§ Work item
Wherever a picture appears, skip it and retype the rest of the data exactly.

▼▼▼

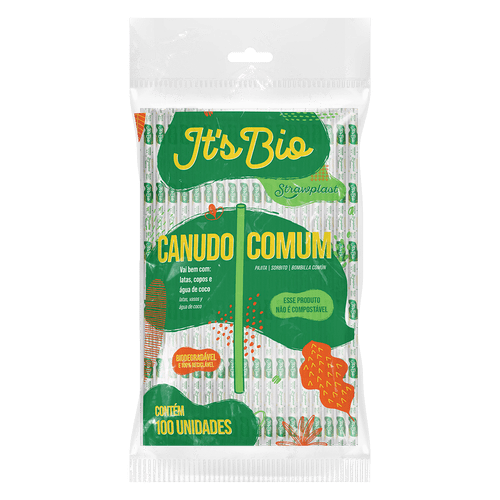 Canudo It's Bio Comum 5mm Sachê Individual Papel Transparente 100 unidades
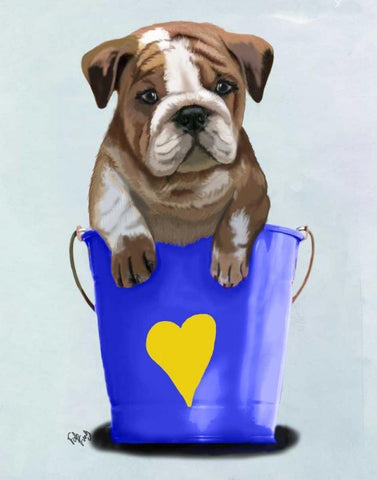 Bulldog Bucket Of Love Blue White Modern Wood Framed Art Print with Double Matting by Fab Funky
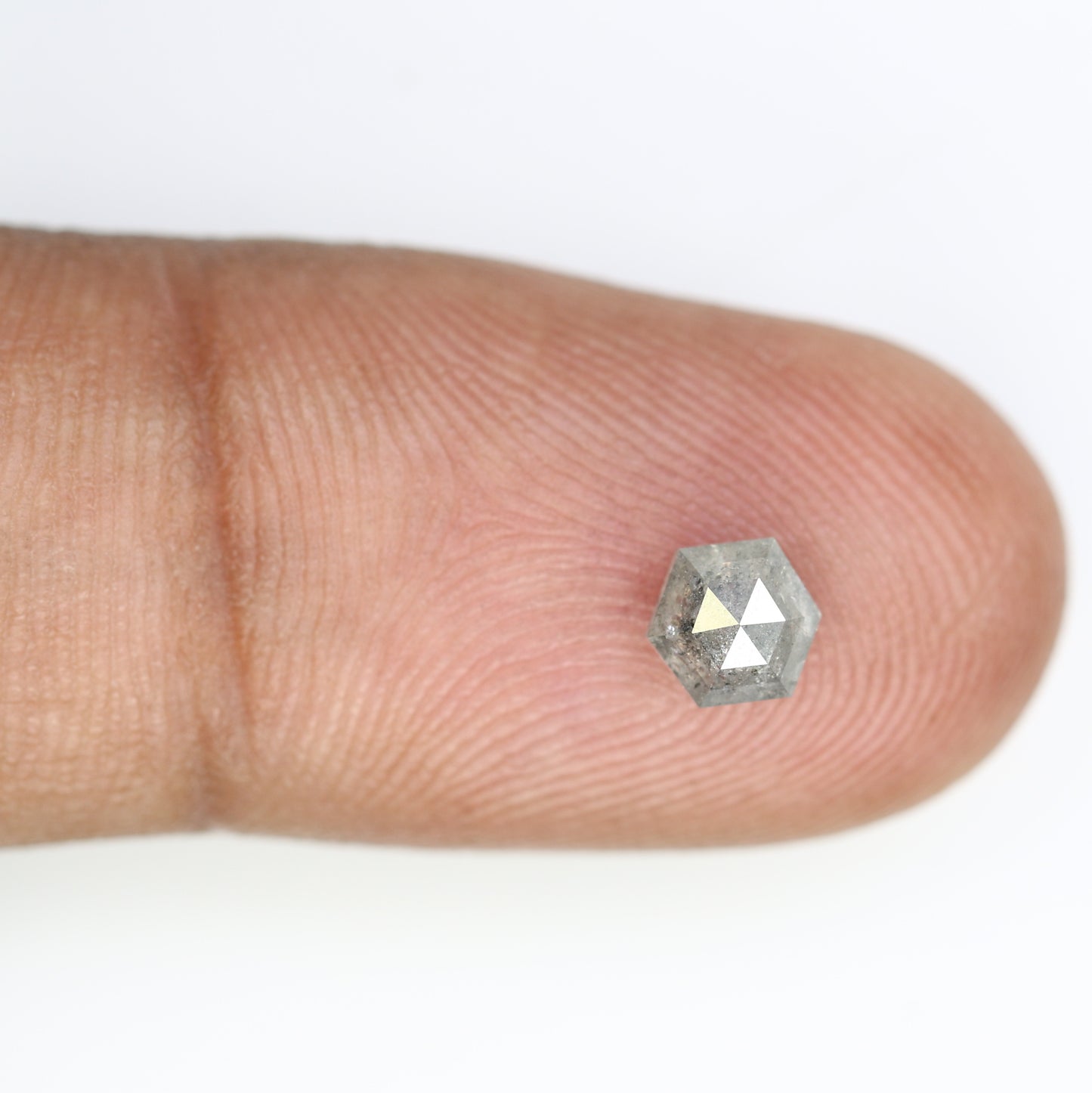 0.73 Carat Hexagon Cut Loose Salt And Pepper Diamond For Engagement Ring - JayKrishna Diamond
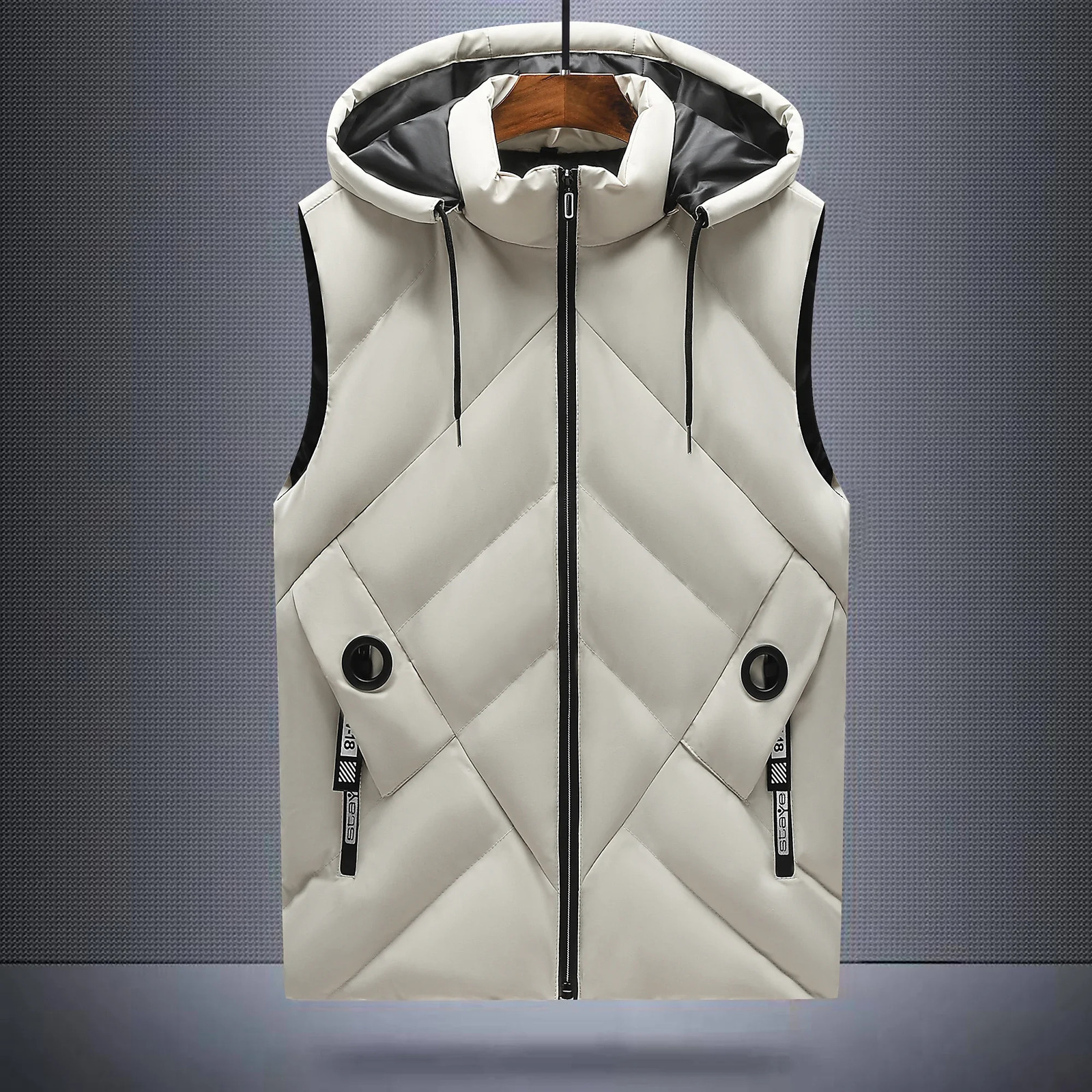 Outdoor Mens Down Cotton-padded Vest Autumn and Winter Korean Trendy Thickened Warm Vest Student Waistcoat Hood Vest Outerwear 250804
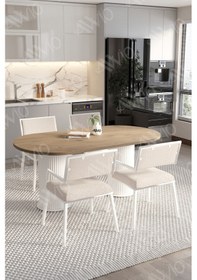 Resim Avvio Bohem Ayak 4'lü Hera Metal Sandalye 80x140 Masa Sandalye Takımı Akçaağaç 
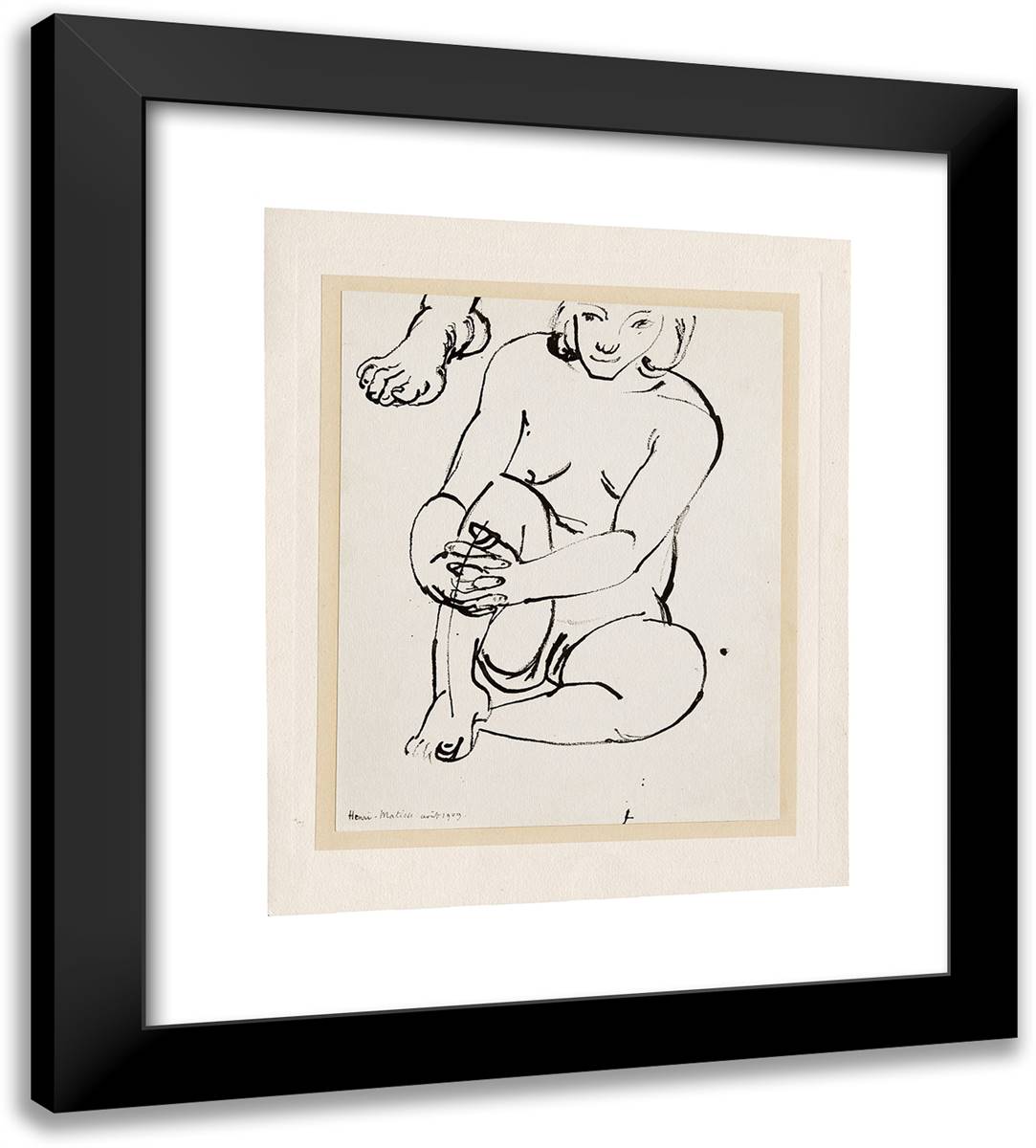 Seated Female Nude, Holding One Knee, with Sketch of a Foot 20x22 Black Modern Wood Framed Art Print Poster by Matisse, Henri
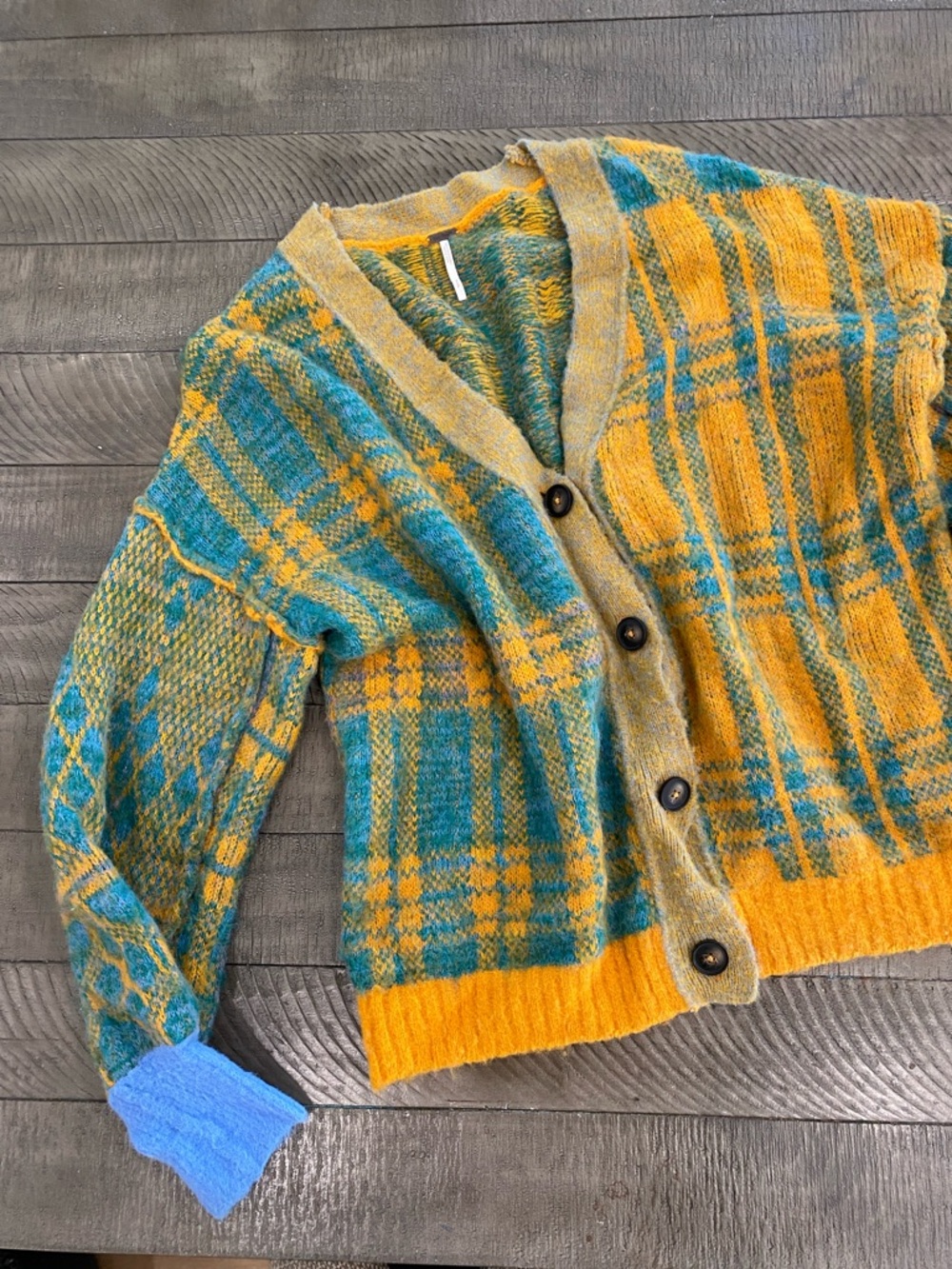 Free People Plaid Knit Cardigan in Mustard Yellow & Teal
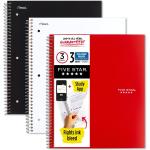 Five Star Spiral Notebooks, 3-Subject, College Ruled Paper, 11" x 8-1/2", 150 Sheets, Black, White, & Red (73393)
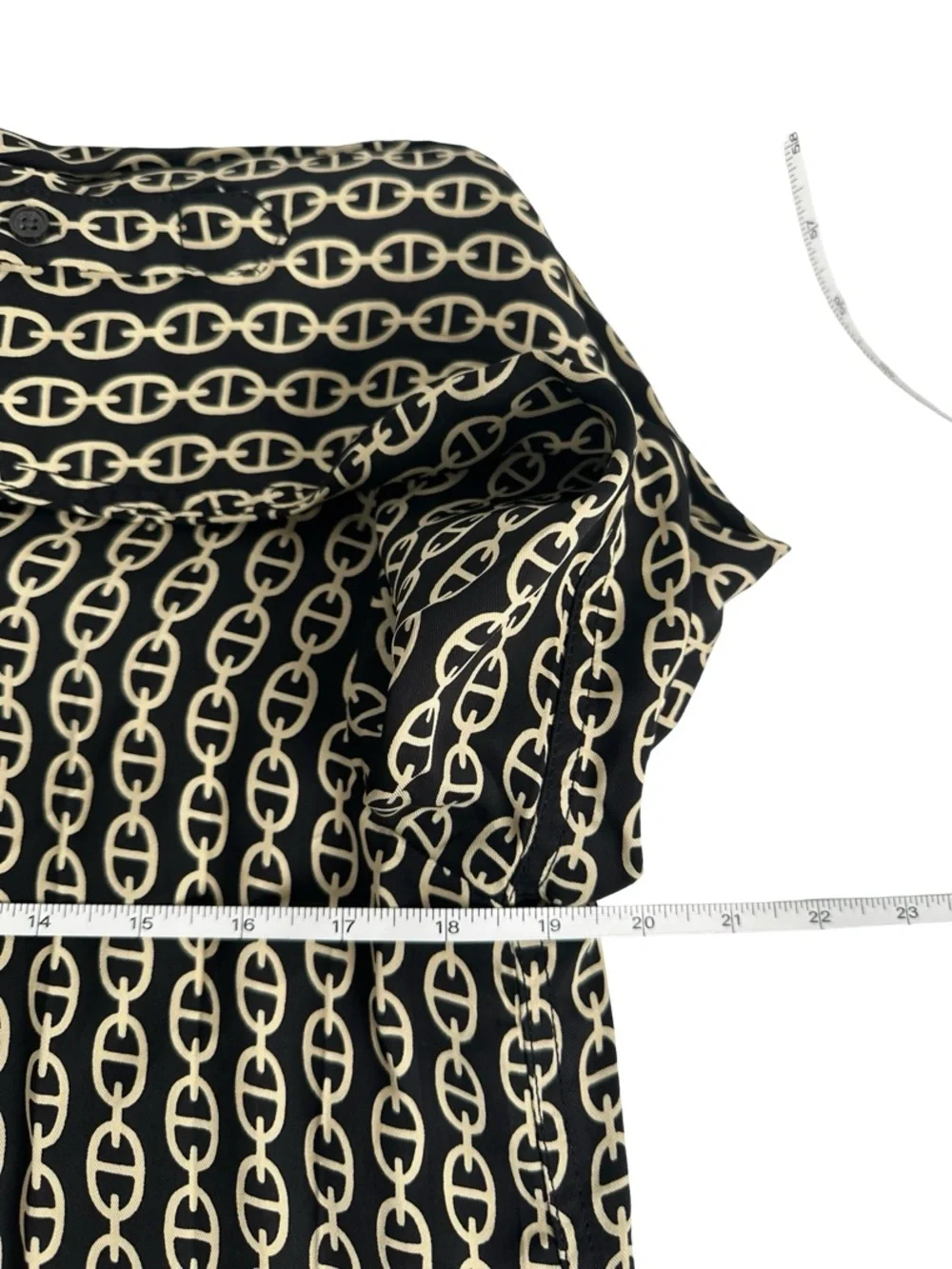 J. Crew Black Gold Chain Print Viscose Twill Button Up Shirt Women’s Size Small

▲▲▲

§ Your response
 Canudo It's Bio Comum 5mm Sachê Individual Papel Transparente 100 unidades
 Bulldog Bucket Of Love Blue White Modern Wood Framed Art Print with Double Matting by Fab Funky
 0.73 Carat Hexagon Cut Loose Salt And Pepper Diamond For Engagement Ring - JayKrishna Diamond
 Outdoor Mens Down Cotton-padded Vest Autumn and Winter Korean Trendy Thickened Warm Vest Student Waistcoat Hood Vest Outerwear 250804
 Resim Avvio Bohem Ayak 4'lü Hera Metal Sandalye 80x140 Masa Sandalye Takımı Akçaağaç 
 Seated Female Nude, Holding One Knee, with Sketch of a Foot 20x22 Black Modern Wood Framed Art Print Poster by Matisse, Henri
 Free People Plaid Knit Cardigan in Mustard Yellow & Teal
 Five Star Spiral Notebooks, 3-Subject, College Ruled Paper, 11" x 8-1/2", 150 Sheets, Black, White, & Red (73393)
 J. Crew Black Gold Chain Print Viscose Twill Button Up Shirt Women’s Size Small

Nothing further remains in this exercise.